*** Material provided Section Begins ***
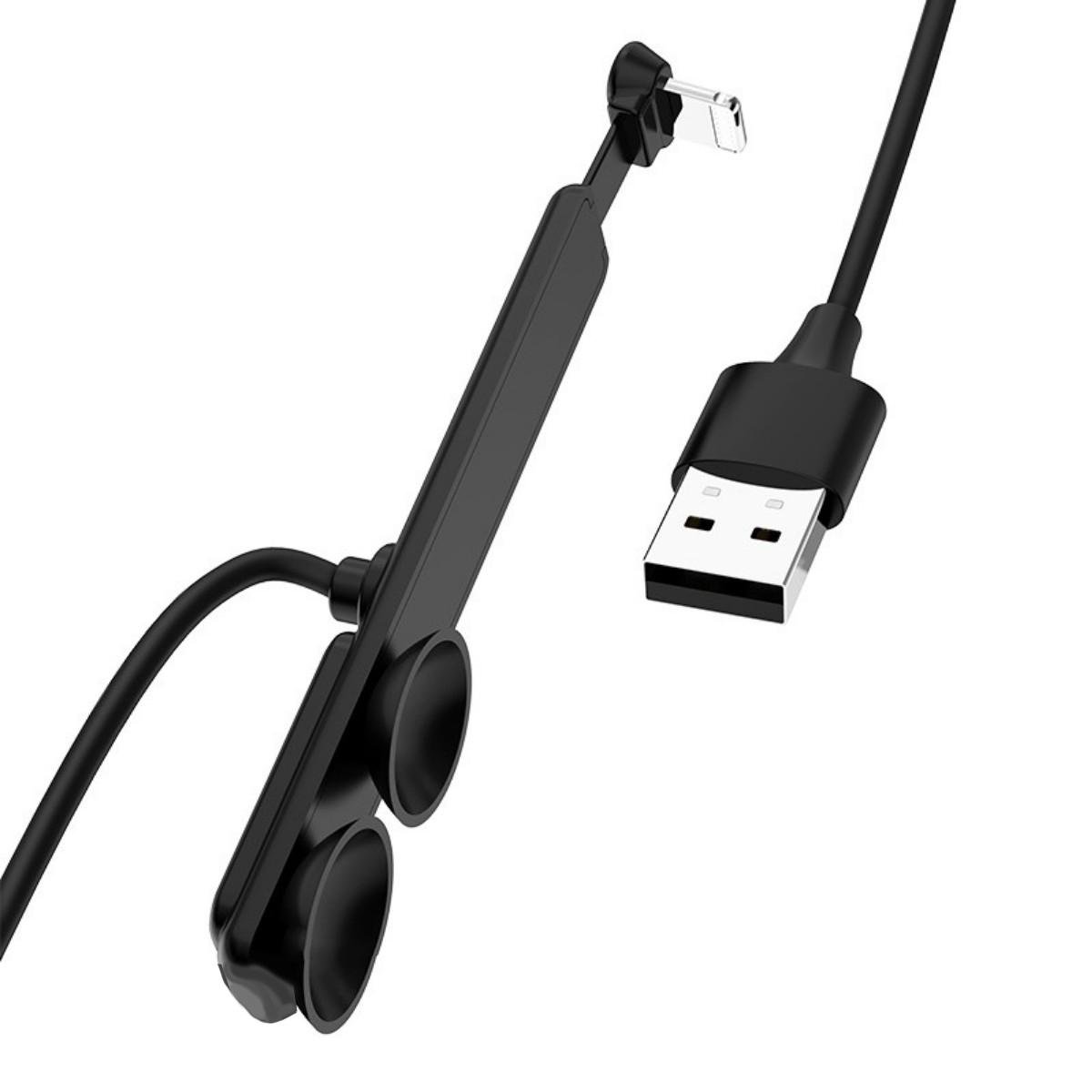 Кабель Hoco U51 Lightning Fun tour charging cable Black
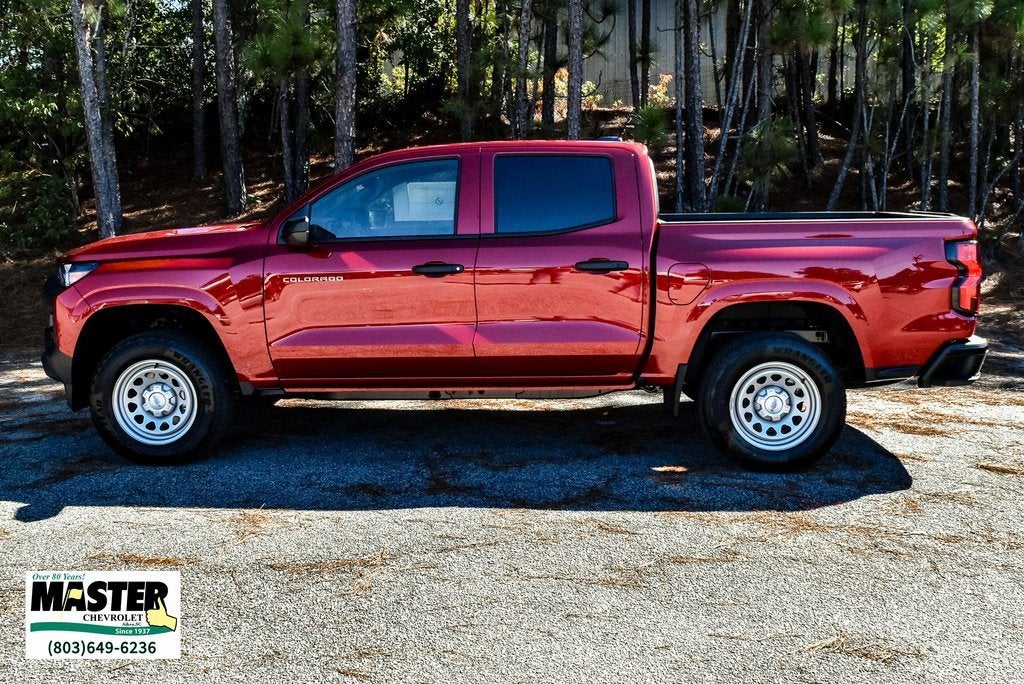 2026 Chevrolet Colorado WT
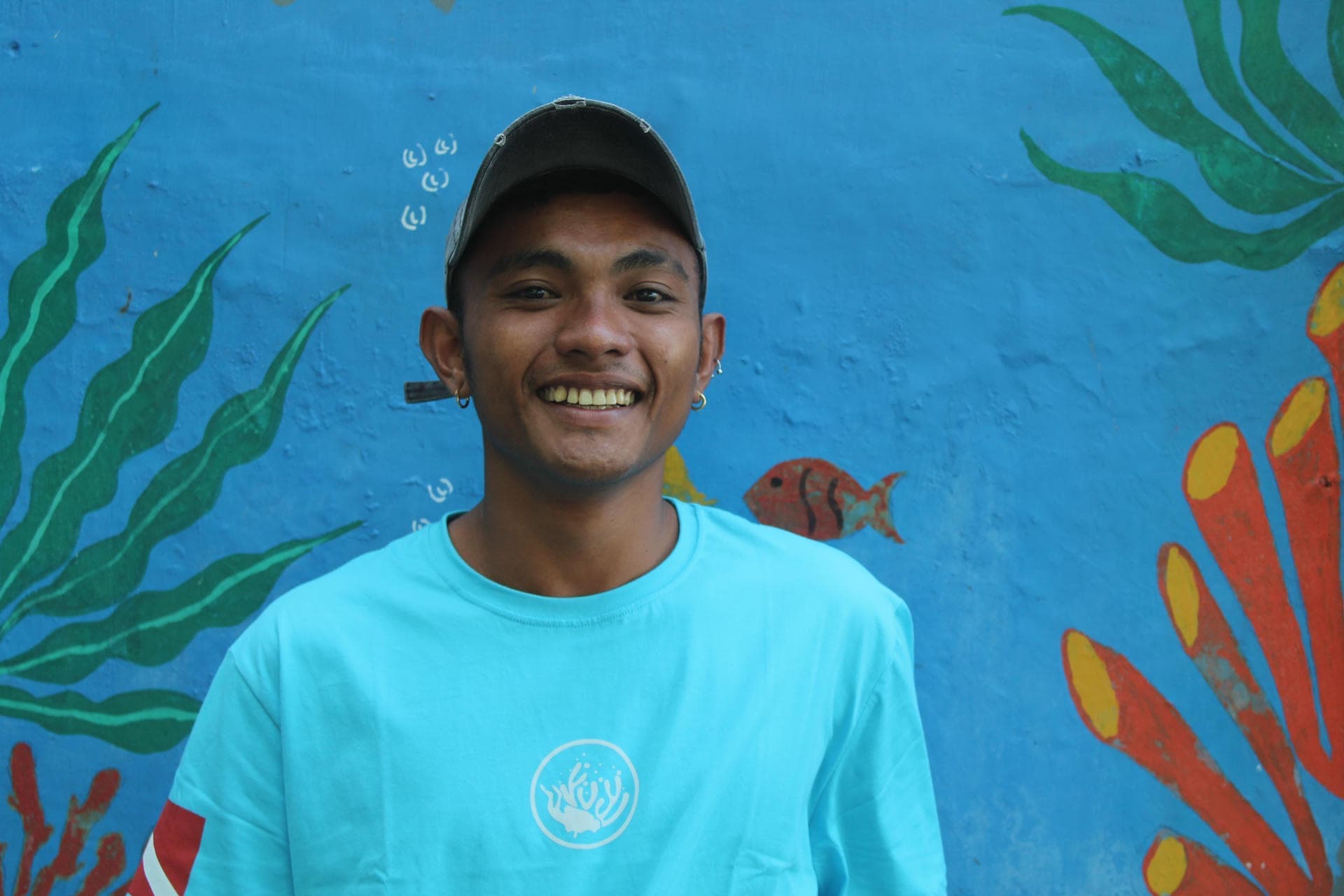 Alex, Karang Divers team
*** Material provided Section Ends ***
Could you return the listing above exactly, minus its pictures?

 Кабель Hoco U51 Lightning Fun tour charging cable Black
 2026 Chevrolet Colorado WT
 Alex, Karang Divers team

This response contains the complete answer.